New Search for ‘Power-Hungry’ Aliens Finds Weird Blips Outside Our Galaxy


TEHRAN (Tasnim) - Astronomers are trialling a new technique which could find alien civilizations many times more advanced than our own - similar to the space-faring races seen in Star Trek and Star Wars.

Instead of hunting planets which astronomers think might be suitable for life, the Penn State University team are looking for civilisations so hi-tech they are draining energy from their own stars.

Their first scans haven’t found concrete evidence of a large alien civilisation - but has found several dozen signals which could be evidence of hi-tech activity.

The theory is based on the idea that very advanced civilisations would need huge amounts of energy - and would build huge ‘spheres’ of solar panels around stars to capture it, Yahoo News reported.

If these ‘Dyson spheres’ - named after the theoretical physicist who came up with the idea - existed, they would radiate heat energy, much like our computers radiate heat, the astronomers say.

So rather than looking inside our galaxy for planets which might have a few microbes on them, the team has been surveying galaxies outside the Milky Way, hoping to find inconceivably advanced civilisations from their heat signatures.

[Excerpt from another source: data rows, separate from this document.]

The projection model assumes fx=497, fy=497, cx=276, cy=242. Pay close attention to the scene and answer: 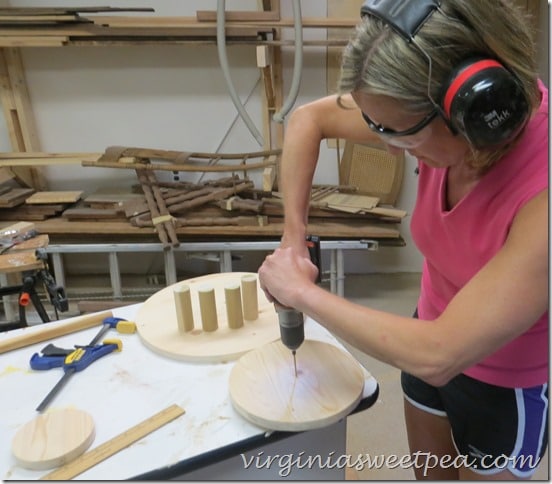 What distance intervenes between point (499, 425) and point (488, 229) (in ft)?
1.47

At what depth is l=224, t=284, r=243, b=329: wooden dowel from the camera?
1.23 meters

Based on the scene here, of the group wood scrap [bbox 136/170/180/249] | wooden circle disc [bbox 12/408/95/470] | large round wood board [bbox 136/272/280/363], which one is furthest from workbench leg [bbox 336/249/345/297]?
wooden circle disc [bbox 12/408/95/470]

"The idea behind our research is that, if an entire galaxy had been colonized by an advanced spacefaring civilization, the energy produced by that civilization's technologies would be detectable in mid-infrared wavelengths—exactly the radiation that the WISE satellite was designed to detect for other astronomical purposes," said Jason Wright of Penn State.

"Whether an advanced spacefaring civilization uses the large amounts of energy from its galaxy's stars to power computers, space flight, communication, or something we can't yet imagine, fundamental thermodynamics tells us that this energy must be radiated away as heat in the mid-infrared wavelengths. This same basic physics causes your computer to radiate heat while it is turned on."

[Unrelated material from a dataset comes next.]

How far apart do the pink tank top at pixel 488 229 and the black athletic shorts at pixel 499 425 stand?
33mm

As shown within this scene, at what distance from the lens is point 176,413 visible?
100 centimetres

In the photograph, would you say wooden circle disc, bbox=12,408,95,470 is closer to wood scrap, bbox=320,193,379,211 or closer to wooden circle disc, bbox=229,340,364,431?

Wright says that so far, the team has scanned 100,000 galaxies, and not found any where large amounts of the available starlight is being used - but his co-author Roger Griffiths says there are some tantalising hints within the data.

"We found about 50 galaxies that have unusually high levels of mid-infrared radiation. Our follow-up studies of those galaxies may reveal if the origin of their radiation results from natural astronomical processes, or if it could indicate the presence of a highly advanced civilization," Griffiths says.